## Task details:
The answer should consist of the records below, repeated exactly, and no pictures.

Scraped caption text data
================================
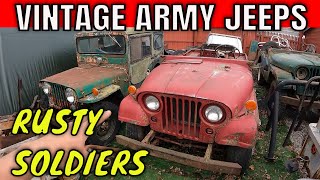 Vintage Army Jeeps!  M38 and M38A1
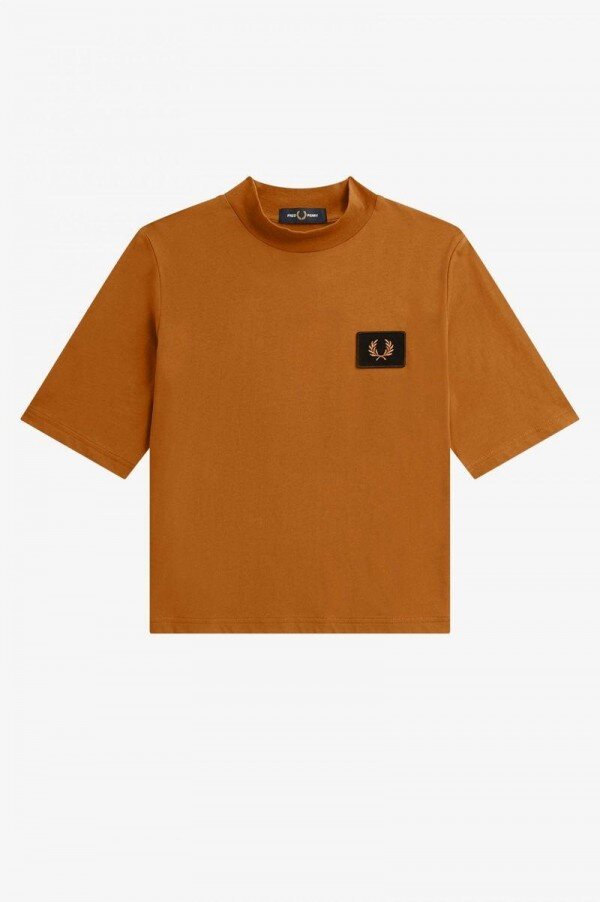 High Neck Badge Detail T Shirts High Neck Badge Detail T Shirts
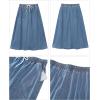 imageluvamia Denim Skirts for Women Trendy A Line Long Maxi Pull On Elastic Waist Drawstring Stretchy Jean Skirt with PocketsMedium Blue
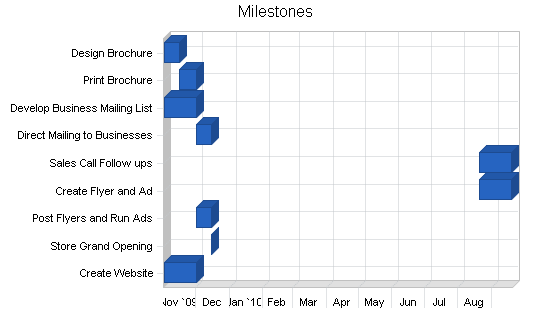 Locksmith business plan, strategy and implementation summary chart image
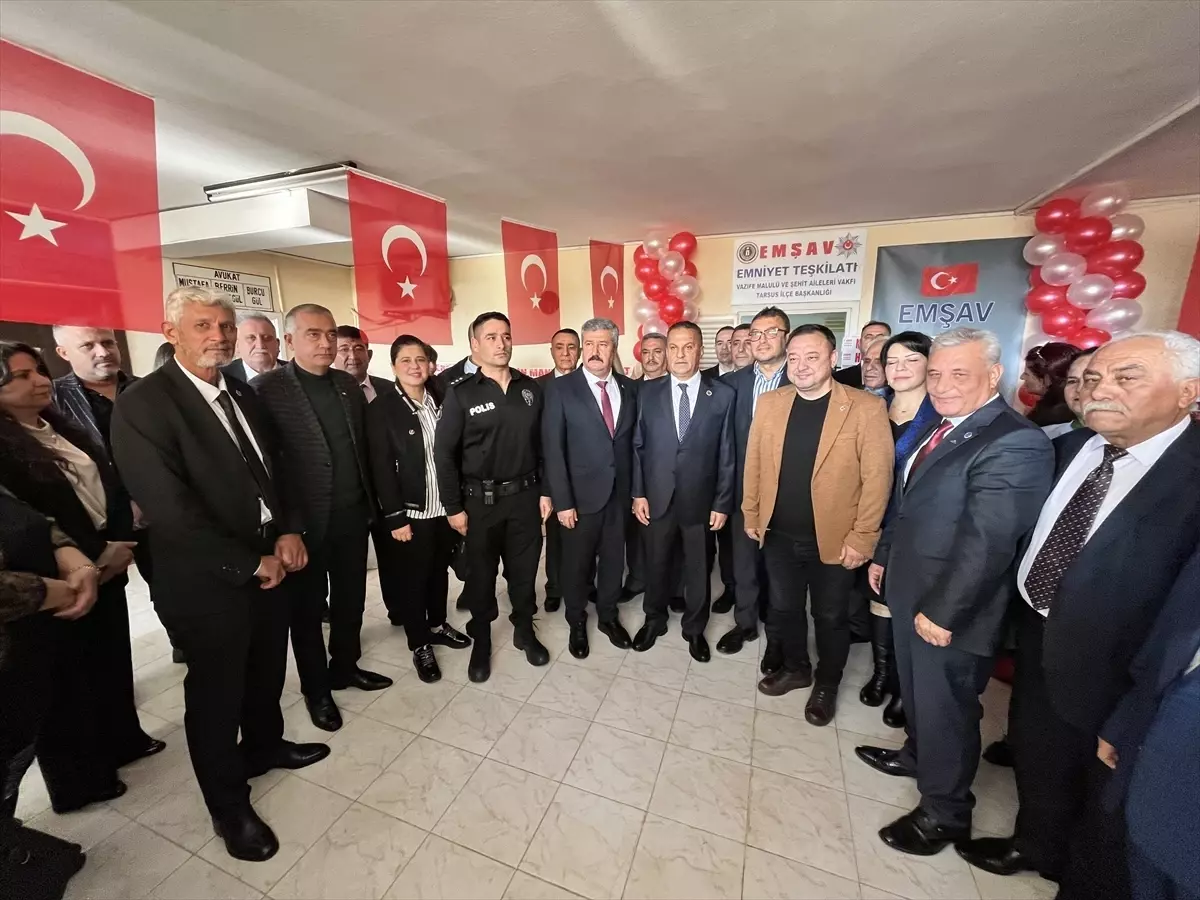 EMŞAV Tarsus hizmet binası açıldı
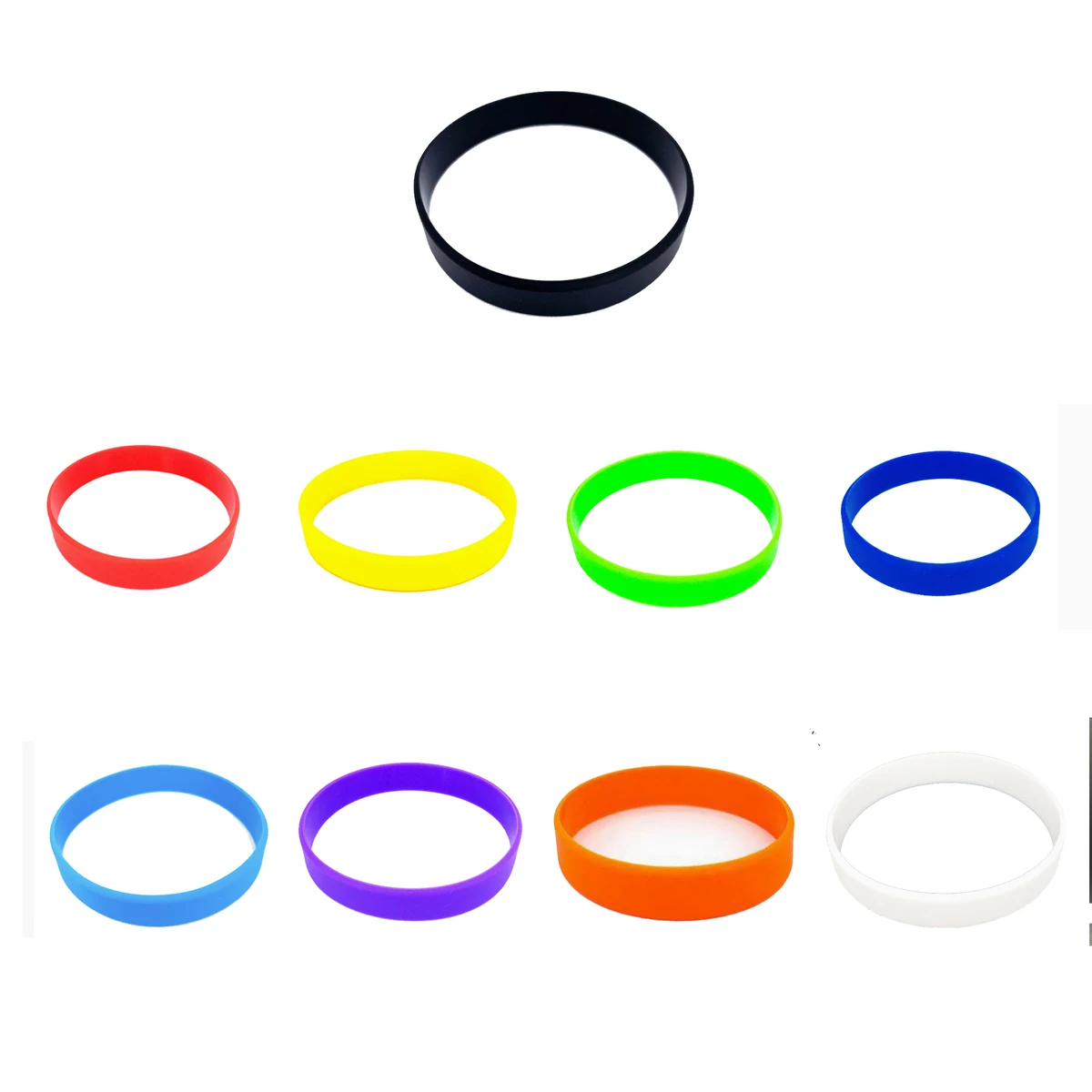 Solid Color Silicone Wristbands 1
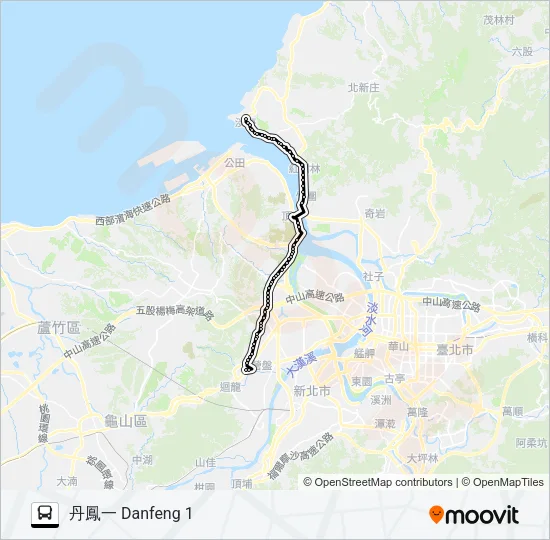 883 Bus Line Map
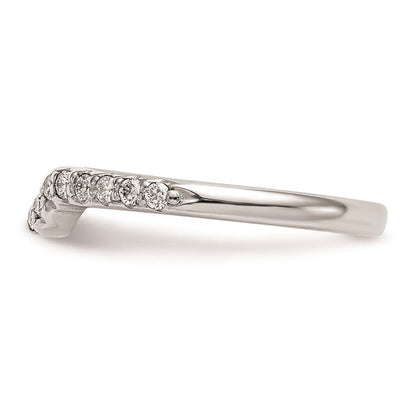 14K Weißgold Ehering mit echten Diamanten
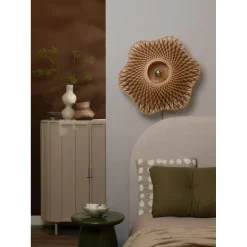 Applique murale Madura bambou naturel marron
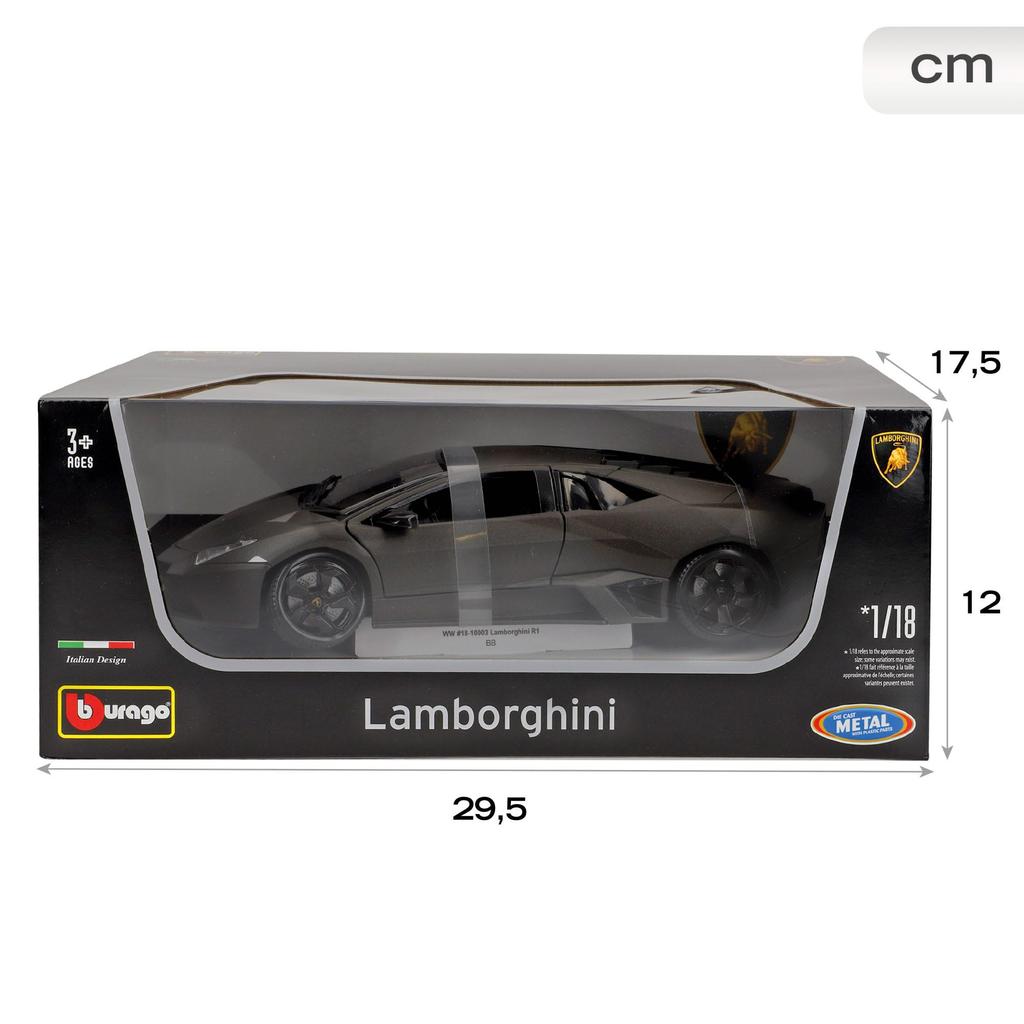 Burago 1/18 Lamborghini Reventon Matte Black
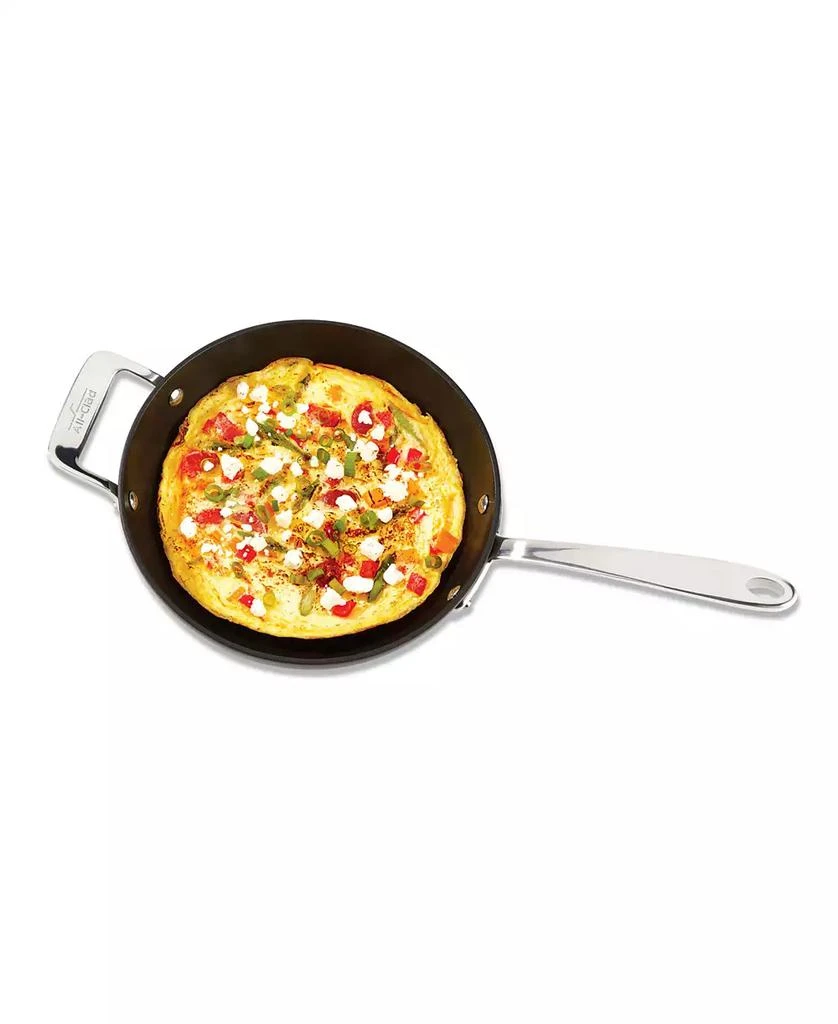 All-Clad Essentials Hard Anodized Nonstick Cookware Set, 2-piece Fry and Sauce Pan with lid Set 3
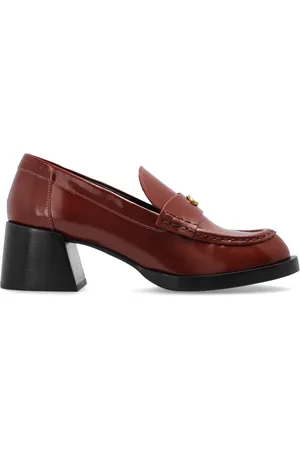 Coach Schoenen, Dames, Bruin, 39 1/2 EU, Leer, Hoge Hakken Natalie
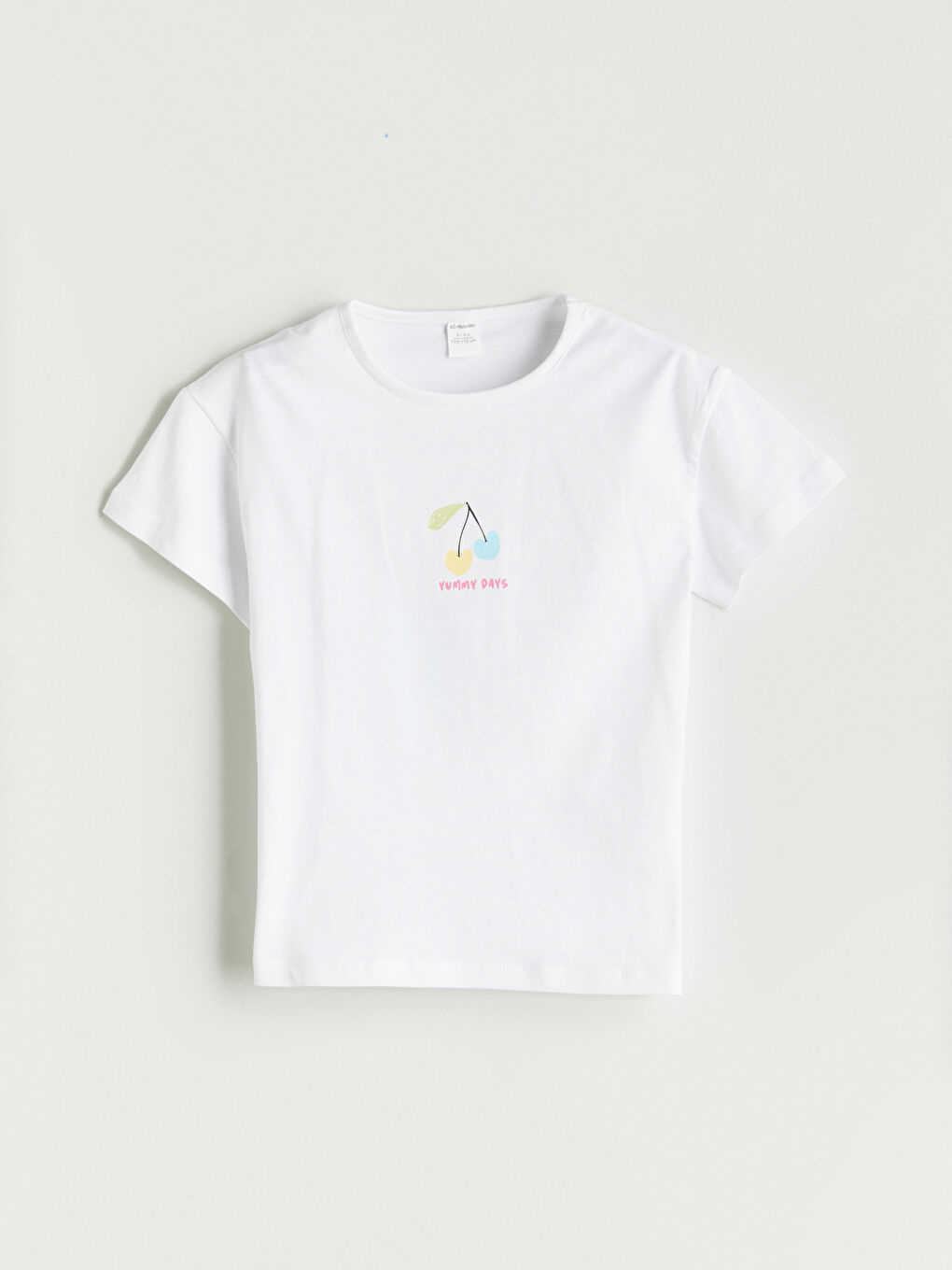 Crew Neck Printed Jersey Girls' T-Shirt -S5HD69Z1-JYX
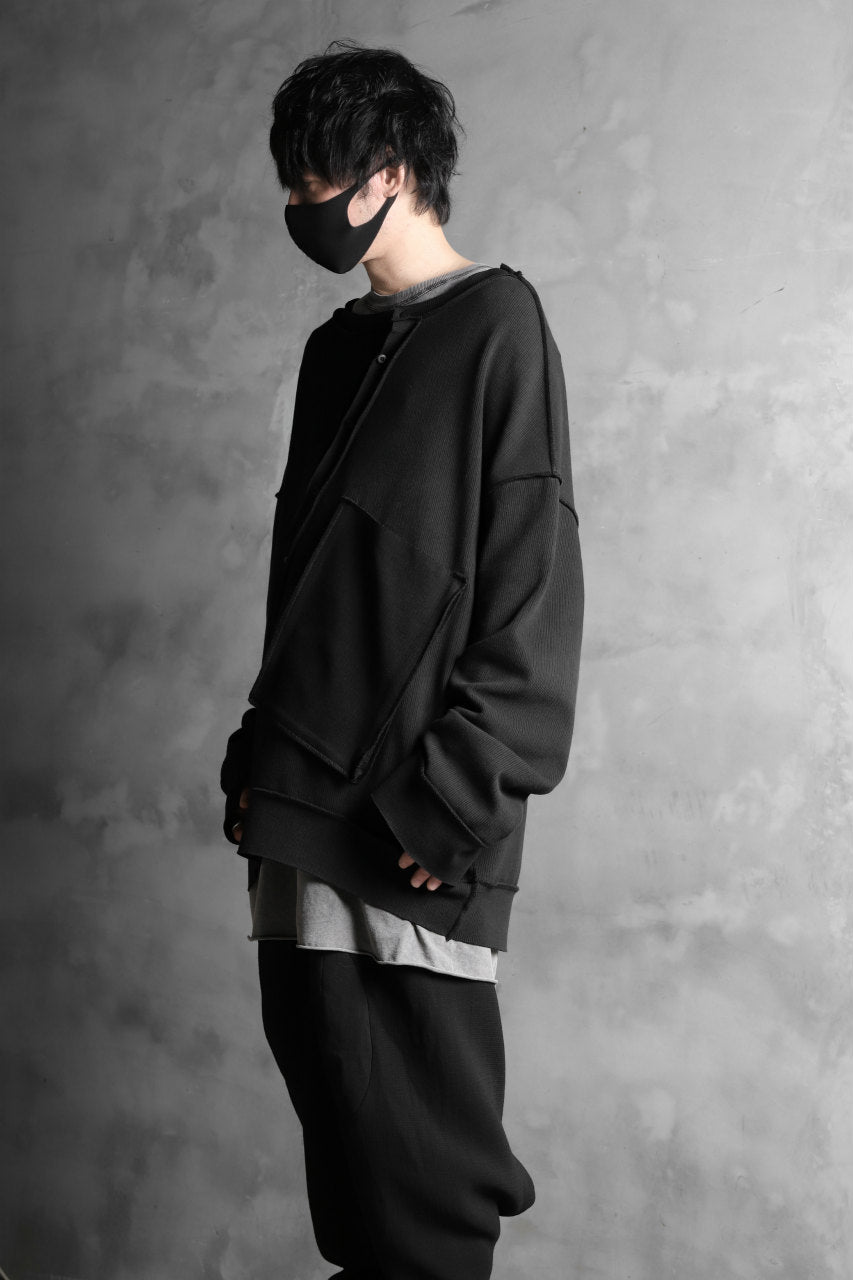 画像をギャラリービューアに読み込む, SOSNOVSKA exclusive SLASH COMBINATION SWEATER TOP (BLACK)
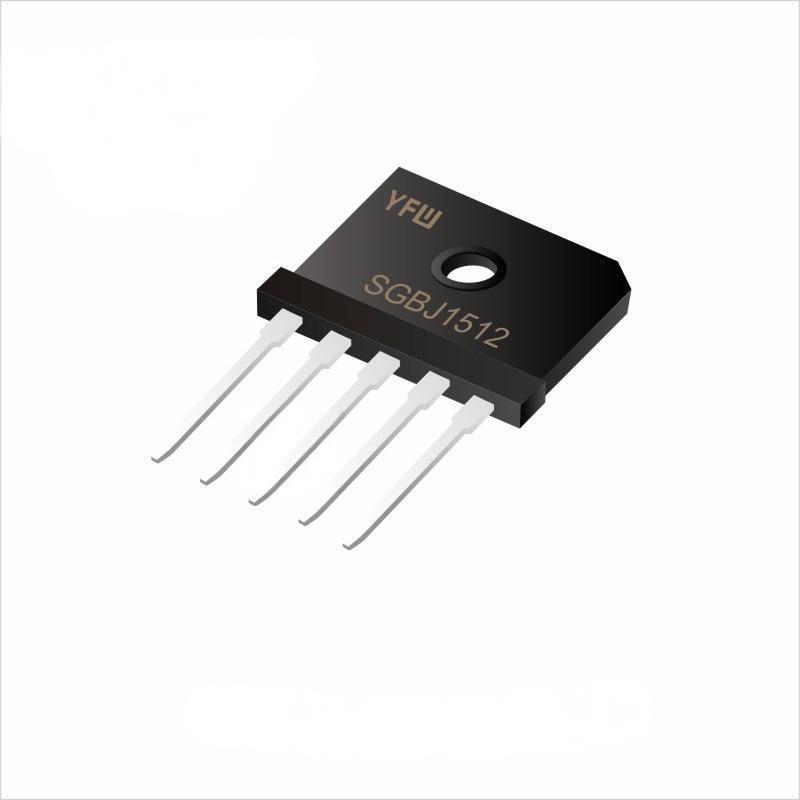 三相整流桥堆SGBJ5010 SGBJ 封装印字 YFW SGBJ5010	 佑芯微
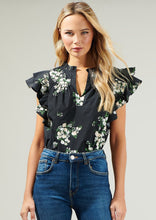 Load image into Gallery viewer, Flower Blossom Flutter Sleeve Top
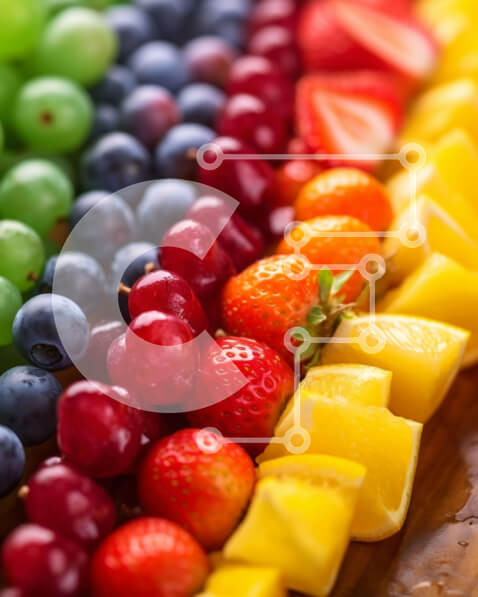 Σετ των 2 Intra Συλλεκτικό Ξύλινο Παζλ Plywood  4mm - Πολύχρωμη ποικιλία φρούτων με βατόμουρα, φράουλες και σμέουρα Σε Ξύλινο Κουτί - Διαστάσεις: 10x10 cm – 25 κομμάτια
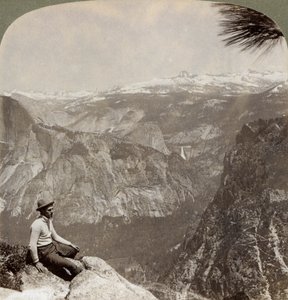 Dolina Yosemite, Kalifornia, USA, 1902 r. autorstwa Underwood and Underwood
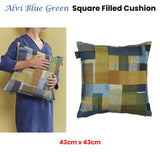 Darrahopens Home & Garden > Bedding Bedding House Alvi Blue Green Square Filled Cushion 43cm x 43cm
================================
## Written reply:
 Vintage Army Jeeps!  M38 and M38A1
 High Neck Badge Detail T Shirts High Neck Badge Detail T Shirts
 imageluvamia Denim Skirts for Women Trendy A Line Long Maxi Pull On Elastic Waist Drawstring Stretchy Jean Skirt with PocketsMedium Blue
 Locksmith business plan, strategy and implementation summary chart image
 EMŞAV Tarsus hizmet binası açıldı
 Solid Color Silicone Wristbands 1
 883 Bus Line Map
 14K Weißgold Ehering mit echten Diamanten
 Applique murale Madura bambou naturel marron
 Burago 1/18 Lamborghini Reventon Matte Black
 All-Clad Essentials Hard Anodized Nonstick Cookware Set, 2-piece Fry and Sauce Pan with lid Set 3
 Coach Schoenen, Dames, Bruin, 39 1/2 EU, Leer, Hoge Hakken Natalie
 Crew Neck Printed Jersey Girls' T-Shirt -S5HD69Z1-JYX
 画像をギャラリービューアに読み込む, SOSNOVSKA exclusive SLASH COMBINATION SWEATER TOP (BLACK)
 三相整流桥堆SGBJ5010 SGBJ 封装印字 YFW SGBJ5010	 佑芯微
 Load image into Gallery viewer, Flower Blossom Flutter Sleeve Top
 Σετ των 2 Intra Συλλεκτικό Ξύλινο Παζλ Plywood  4mm - Πολύχρωμη ποικιλία φρούτων με βατόμουρα, φράουλες και σμέουρα Σε Ξύλινο Κουτί - Διαστάσεις: 10x10 cm – 25 κομμάτια
 Dolina Yosemite, Kalifornia, USA, 1902 r. autorstwa Underwood and Underwood
 Darrahopens Home & Garden > Bedding Bedding House Alvi Blue Green Square Filled Cushion 43cm x 43cm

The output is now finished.